I think SCCS is misunderstood. I think make has never had a good document. Henry McGilton just finished rewriting a troff manual for the first time. Since troff has never really had a manual, he had to sit down and figure out what some of these things meant - backslash, right adjusting tab stops. No one ever really wrote a good manual for it - partially because Joe Osanna, who wrote troff, died in 1976. The program was written in assembly language, then translated line for line in C and it's all done with global variables - it's an ancient program. It's basically an accretion of all this completely unrelated stuff on top of a very, very small base. It's not surprising that people don't understand it.

When you look at the manual, tbl looks really good but you sort of get it right by iterative approximation; it's very difficult to get a good-looking table. I think the thing that's really missing is that none of these things help you with graphics or graphic design very much. I want a program that helps me learn how to draw and learn how to paint. Some attempt is made at that by pic but it's solving it in the wrong domain. I don't want to type "arc from A to B." I wouldn't mind saying that, though.
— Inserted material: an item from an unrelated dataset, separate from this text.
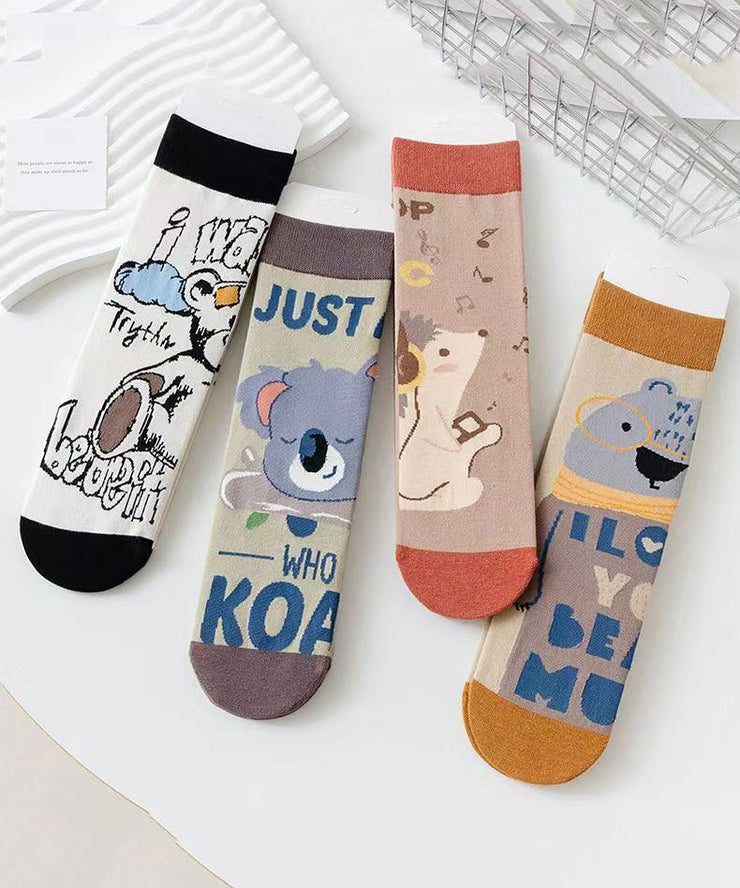 Mid Calf Socks Pure Cotton Breathable Autumn And Winter Cartoon Pattern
Maybe that's the answer: talk to the program.

I think the hard thing about all these tools is that it takes a fair amount of effort to become proficient. Most people are lazy. I'm lazy. I'm enjoying using other people's software now. At Berkeley for so long, all the software we were using was stuff I had something to do with and that wasn't fun. I have fun with Interleaf because if it crashes, I don't feel responsible. I've even divested myself of responsibility for the operating system. I don't have to worry about that crashing. Editing without guilt.
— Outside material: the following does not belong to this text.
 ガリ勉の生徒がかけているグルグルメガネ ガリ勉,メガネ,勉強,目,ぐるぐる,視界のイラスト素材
REVIEW: All the directions you were talking about really assume a lot more compute power than we have at present.
JOY: I think that to make that assumption is bad. All projections that I see have memory going to $300 a megabyte by 1989. Soon the processor will be $50, and you'll be able to use it to refresh video. There are too many good things you'll be able to do with this stuff for it not to be available cheap. The real cost is very low. One has to wonder what software is going to be worth, too. It's going to be produced in such enormous volume.

When can that stuff go portable? You don't really want to have a telephone in the office or be tied to an office. You'd like to have the office with you and the phone with you. I want to be able to turn the phone off, thank you. I think that's going to require very different technology.
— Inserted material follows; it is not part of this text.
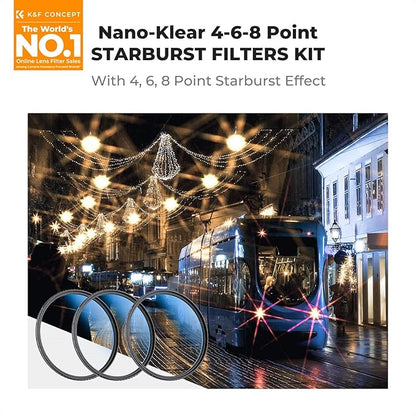 K&F CONCEPT 52mm Star Filters Kit (3pcs) 4 Points 6 Points 8 Points Cross Screen Starburst Filters Set -18 Layer Coating Ultra Slim Optical Glass Camera Lens Filter with 3 Cleaning Cloth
REVIEW: You mention everything but disks.
JOY: You might want to page over satellite telephone... Page fault, and the computer makes a phone call. Direct broadcast or audio disk - that's the technology to do that. It's half a gigabyte - and you get 100 kilobyte data rate or a megabyte or something. I don't remember. You can then carry around with you all the software you need. You can get random data through some communications link. It is very like Dick Tracy. Have you seen these digital pagers? You can really communicate digital information on a portable.

I don't think you need to have a disk with you. There are so many people who believe that you need to have a disk that you'll be able to have one because they'll make it cheap. That's the way things work. It's not what's possible but what people believe is possible. That's what makes imagination so wonderful, right? Silicon is such an incredible amplifier. If you can figure out what should be and you get people to believe you enough that they will give you money, you can almost make it come true. That's why bubble memory never made it. People didn't believe it was the right thing to do. But there's nothing wrong with bubble memory.

There's an incredible amount of momentum in the technology. Look at the momentum in vacuum tubes. It's all an economy of scale. There's an incredible momentum in UNIX. It really doesn't matter what UNIX is anymore. It ceased to matter when the vendors started adopting it. People used to call me up saying, "I don't know what UNIX is but I've got to have it! How do I get it?" It's at that point now.

REVIEW: Like designer jeans?
JOY: I don't buy designer jeans - well, what I'm wearing aren't bad jeans. They're my burlap sacks. Wrinkles are in, you know.